Buddhas are, above all things, AWARE. And they assume responsibility for their lives based on that awareness. They understand that, by being responsible for themselves, they will act in the best manner to enable others to live their lives with the fullest freedom they can give – that of non-interference.

Buddhas are not pacifists. If a Buddha is in a situation where action needs to be taken to ensure the Buddha is still following their right path, then action will be taken – as long as no harm or interference is played upon others. A Buddha will stand up for their rights; will talk and negotiate; will prevent wrong-doing if it is possible without doing wrong, themselves; but a Buddha will walk away rather than become emotionally invested in bad feelings, physically invested in violence, or mentally invested in ego.

The only investment a Buddha retains is spiritual, and even that investment is detached. Buddhas do not believe their paths are the only paths to enlightenment. The spiritual modes of Buddhas recognize the laws of the physical realm and how those laws create patterns of behavior in others that need compassion and objectivity to deal with. Only by compassion and objectivity can such patterns be broken.

Nirvana is not a separate existence.
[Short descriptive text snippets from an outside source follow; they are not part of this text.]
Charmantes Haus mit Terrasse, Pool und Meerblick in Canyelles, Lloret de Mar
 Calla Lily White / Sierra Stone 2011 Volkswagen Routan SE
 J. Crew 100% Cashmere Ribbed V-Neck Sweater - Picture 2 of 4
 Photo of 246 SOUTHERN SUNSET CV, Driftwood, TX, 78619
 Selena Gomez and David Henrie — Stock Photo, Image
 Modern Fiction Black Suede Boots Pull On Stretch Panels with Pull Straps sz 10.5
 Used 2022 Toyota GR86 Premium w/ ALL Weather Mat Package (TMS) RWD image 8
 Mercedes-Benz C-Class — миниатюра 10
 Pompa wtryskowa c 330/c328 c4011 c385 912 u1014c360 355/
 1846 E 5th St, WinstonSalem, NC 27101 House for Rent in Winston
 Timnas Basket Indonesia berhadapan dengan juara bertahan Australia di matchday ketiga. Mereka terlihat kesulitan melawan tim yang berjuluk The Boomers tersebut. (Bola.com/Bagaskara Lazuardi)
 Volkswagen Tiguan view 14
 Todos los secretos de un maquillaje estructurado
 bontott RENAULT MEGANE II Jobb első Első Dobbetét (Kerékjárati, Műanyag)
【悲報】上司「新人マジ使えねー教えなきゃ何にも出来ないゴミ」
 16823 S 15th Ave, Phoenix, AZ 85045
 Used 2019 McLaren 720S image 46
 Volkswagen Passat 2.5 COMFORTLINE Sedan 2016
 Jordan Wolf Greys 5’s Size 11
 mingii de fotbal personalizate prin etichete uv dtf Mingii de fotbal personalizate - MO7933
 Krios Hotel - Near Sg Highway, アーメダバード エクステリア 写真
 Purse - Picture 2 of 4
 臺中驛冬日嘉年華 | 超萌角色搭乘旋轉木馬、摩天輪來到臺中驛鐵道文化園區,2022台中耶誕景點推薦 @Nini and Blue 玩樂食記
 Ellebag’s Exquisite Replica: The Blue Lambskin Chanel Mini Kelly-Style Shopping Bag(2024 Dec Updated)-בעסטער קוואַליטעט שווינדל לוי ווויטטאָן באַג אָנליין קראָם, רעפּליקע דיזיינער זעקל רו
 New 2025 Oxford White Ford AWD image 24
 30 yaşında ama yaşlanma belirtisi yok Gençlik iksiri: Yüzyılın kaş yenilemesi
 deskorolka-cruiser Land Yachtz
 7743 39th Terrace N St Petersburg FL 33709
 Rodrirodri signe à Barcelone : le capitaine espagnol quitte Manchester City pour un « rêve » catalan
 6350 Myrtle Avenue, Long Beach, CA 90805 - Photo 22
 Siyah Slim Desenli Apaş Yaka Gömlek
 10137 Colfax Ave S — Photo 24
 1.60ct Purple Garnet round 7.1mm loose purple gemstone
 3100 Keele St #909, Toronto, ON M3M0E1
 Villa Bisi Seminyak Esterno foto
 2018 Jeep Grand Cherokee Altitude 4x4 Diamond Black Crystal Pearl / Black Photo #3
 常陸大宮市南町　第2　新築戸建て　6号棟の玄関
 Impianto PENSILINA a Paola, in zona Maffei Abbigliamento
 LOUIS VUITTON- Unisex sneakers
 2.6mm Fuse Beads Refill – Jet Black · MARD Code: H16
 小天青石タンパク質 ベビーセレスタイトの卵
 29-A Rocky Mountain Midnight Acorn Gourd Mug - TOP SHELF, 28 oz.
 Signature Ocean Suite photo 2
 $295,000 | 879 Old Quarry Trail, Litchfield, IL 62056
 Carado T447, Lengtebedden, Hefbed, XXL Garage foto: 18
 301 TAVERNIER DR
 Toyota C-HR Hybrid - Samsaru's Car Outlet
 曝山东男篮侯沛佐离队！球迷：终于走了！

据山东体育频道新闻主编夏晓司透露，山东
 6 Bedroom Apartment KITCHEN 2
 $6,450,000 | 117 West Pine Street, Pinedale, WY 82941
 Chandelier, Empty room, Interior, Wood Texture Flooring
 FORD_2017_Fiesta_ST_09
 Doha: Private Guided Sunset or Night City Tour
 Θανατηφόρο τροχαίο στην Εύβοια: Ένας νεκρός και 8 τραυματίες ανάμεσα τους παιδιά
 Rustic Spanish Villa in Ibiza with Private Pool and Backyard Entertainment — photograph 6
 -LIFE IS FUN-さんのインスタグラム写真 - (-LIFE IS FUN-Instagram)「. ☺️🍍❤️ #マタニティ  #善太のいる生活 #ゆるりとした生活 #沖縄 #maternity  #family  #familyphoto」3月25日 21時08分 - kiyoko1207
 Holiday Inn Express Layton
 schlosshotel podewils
Nirvana, or Heaven, is a state of mind.

Wherever we cultivate a peaceful state of mind, Nirvana exists. The mind is the key to all the manifest realms. God’s mind creates worlds, and so do ours. What we create in our minds exists.

This is why Buddhas help others and are such practical people. What we practice, we think. If we practice compassion, care and peace, we become compassionate, caring and peaceful. By applying ourselves in practical ways, we avoid investing ourselves in emotions or intellect. We function as well as we can, until life ends. We try not to suffer, because suffering prevents progress, and creativity needs progress to exist.

Buddhas are not perfect – they are humans manifesting Divine Force. Buddhas can therefore return to the Karmic cycle by simply forgetting their own Divinity. And they can be restored to Buddhahood by remembering it again.

The philosophical path of Buddhism is cultivated with mythologies, rituals, divine stories and histories as much as any other religious or spiritual stream manifest on Earth today, but what has been written above remains the gist of what Buddhism is about. You cannot become a Buddha by knowing the life history of Siddhartha Gautama. His life is an example, but not a rule.

You can become a Buddha only by becoming AWARE of your OWN Divinity, and living according to its force, alone. You cannot follow the life path of Siddhartha. You can only follow your own life path, advised, as you may be, by his wisdom, or whatever wisdom you find along the way.

Buddhas do not attempt to attain perfection. They recognize that life is perfect, already, in the state God needs it to be to experience what God wants to experience. Buddhas accept imperfection and strives to see beauty in all states of existence. Practical creativity is the expression of the Buddha, even if that is just a state of mind.

We are all gods but not all of us are Buddhas. We are not all of us aware of the Divinity within us. But we are all God’s mind. We are all One, for better or worse. The acceptance of these things underlies the philosophy of Buddhism.

"Do not believe in anything simply because you have heard it. Do not believe in anything simply because it is spoken and rumored by many. Do not believe in anything simply because it is found written in your religion. Do not believe in anything simply on the authority of your teachers and elders. Do not believe in traditions because they have been handed down for many generations. But, after observation and analysis, when you find anything that agrees with reason and is conducive to the good and benefit of one and all, then accept it and live up to it."
~ Buddha Siddhartha Gautama ~

Find your inner strength through an open heart and a quiet mind.

“Life is nothing until it is lived, but it is yours to make sense of; and the value of it is nothing other than the sense you choose.”